Sunday, June 5, 2011

Cerpen titipan



 Masih dari penulis yang sama dengan sebelumnya.....
KATAKU

Ayo Dian, untuk kali ini saja dengarkan aku. Tidak. Bukan untuk kali ini saja. Nanti pada saatnya, kau juga lagi-lagi harus mendengarkanku. Karena aku adalah penasehatmu yang utama. Aku mengenalmu sedalam kau mengenal dirimu sendiri.
Tapi, aku berbeda darimu. Sebab terkadang atau bahkan seringkali kau mengabaikan hati dan pikiranmu, kebutuhanmu sendiri, bersikap seolah-olah itu tak pernah ada. Sedang aku? Aku ada untuk mengingatkanmu tentang hal-hal yang kau abaikan, hal-hal yang seharusnya kau lakukan tapi tak pernah kau perdulikan.
Untuk kali ini Dian, dengarkan aku. Buang semua harga dirimu, telan dan jangan kau jadikan petunjuk. Sebab jika tidak, kau sendiri yang akan hancur. Dengarkan aku. Apa yang kau inginkan, lakukan. Untuk kali ini, tak perlu lah ada pengekangan. Tak perlu kau sok tegar, sok kuat, sok membusungkan dada menjadikan semua yang lahir dari gerak penamu bermakna.
Dengarkan aku, kau butuh istirahat. Kau butuh mengembalikan lagi kebahagiaan dan sensasinya menggerakkan pena. Kalau memang tulisanmu tak ingin selesai, biarkan saja. Kau butuh pelepasan setelah menahan diri untuk terfokus begitu lama. Kalau tulisan-tulisan yang lahir dari pemikiranmu tak ingin beraturan, biarkan saja. Lepaskan, bebaskan. Ya karena saat itu pikiranmu memang sedang tak beraturan. Dan kelelahan yang membebanimu membuat dirimu tak mampu mengaturnya. 
Lakukan semua yang kau inginkan. Kalau kau memang sedang tak ingin peduli dengan kebaikan dan segala tata norma, lakukan saja. Tidak masalah. Sisakan saja sedikit, yang betul-betul penting dan memang tak boleh ditinggalkan.
Kalau memang saat-saat ini, yang lahir dari tanganmu hanyalah sebuah pelepasan, lepaskan saja. kata L.A.Light, kalau tidak salah, ekspresikan aksimu. Lakukan saja semua yang kau mau. Tidak usah peduli orang akan mengatakan apa. Yang terpenting, kau sembuh dulu. Setelah itu, baru boleh kau pikirkan segala macam kebaikan dan tata norma.
Kau masih mendengarku kan? Lahirkan apapun yang ingin kau lahirkan, tanpa perlu kau berfikir apa ia akan lahir sempurna ataukan cacat permanen sebab hanya terlahir separuh, tak perlu berfikir akan seperti apa orang menilainya. Kau dengar, kau sedang perlu mengosongkan isi otakmu. Sebelum mengisinya kembali. Ibarat gelas, kau harus disikat sampai bersih sebelum dipakai untuk minum lagi.
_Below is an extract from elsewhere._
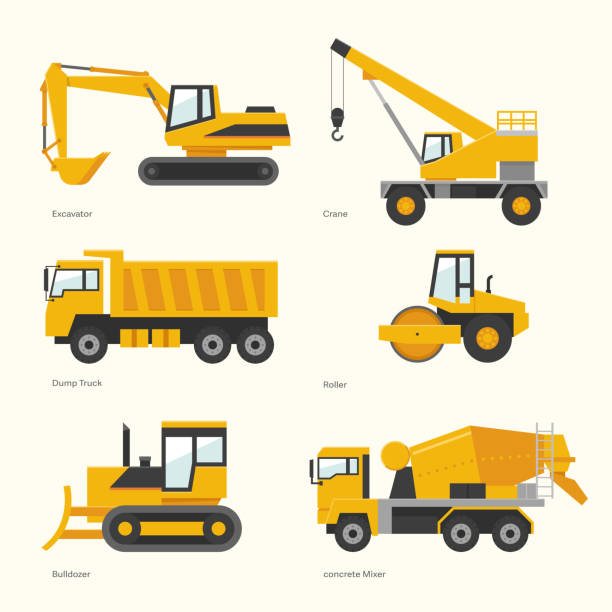 illustrazioni stock, clip art, cartoni animati e icone di tendenza di veicoli pesanti utilizzati nei cantieri. - construction equipment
Jangan hanya tunduk diam, kau dengar? Aku paling tidak suka itu. Aku mengenalmu, Dian. Sebab menerima tanpa perdebatan itu bukan watakmu. Tanpa perdebatan dan tanpa pertanyaan bagimu adalah berarti kau akan meninggalkan semua petuahku begitu saja. lenyap bersama angina.
Kau camkan baik-baik, untuk pelepasan ini, untuk pengosongan ini, lupakan bahwa kau hampir selalu punya tujuan. Kembalikan sensasi dan bahagianya dalam dadamu, agar kau bisa kembali berjalan dengan tatapan ke depan.
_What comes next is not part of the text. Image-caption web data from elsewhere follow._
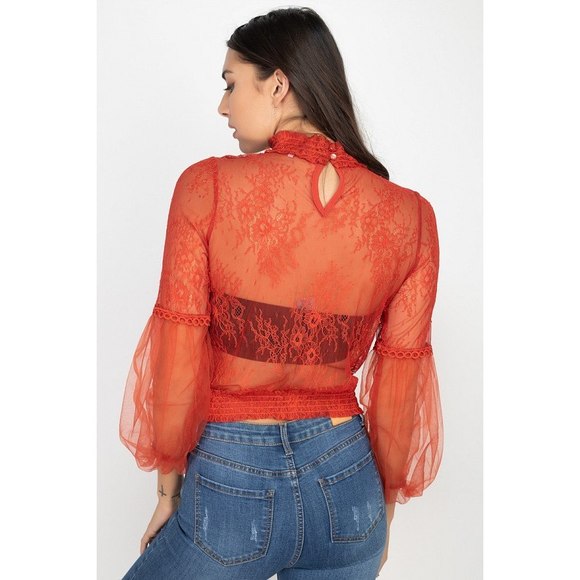 Lace Trim Balloon Sleeve Smocked Top - Picture 5 of 8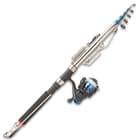 Automatic Telescoping Fishing Rod And Reel - Metal And Stainless Steel Construction, Padded Handle, Mounting Prongs - Length 8’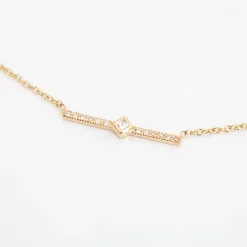 Princess Diamond & Pavé Bar Necklace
Akupun mengatakan ini padamu tanpa pernah berfikir bagaimana urutan kata-kataku. Yang terpenting bagiku adalah berusaha memahamkanmu bahwa selalu mengacungkan harga diri dan menekan kebebasan berfikirmu hanya akan mematikan dirimu sedikit demi sedikit. Mematikan kebahagiaan yang selama ini berusaha kau susun.
Kau ingat, kau pernah mengatakan padaku bahwa menulis bagimu sudah seperti candu. Candu yang tidak akan pernah kau lepaskan, candu yang sudah menyatu dengan denyut nadimu, aliran darahmu. Apa kau mau denyut nadi dan aliran darahmu berhenti tiba-tiba karena kesalahanmu? Aku tahu kau tidak akan menerima itu. Karena itu, kau harus mendengarku. Melakukan semua yang kuminta darimu.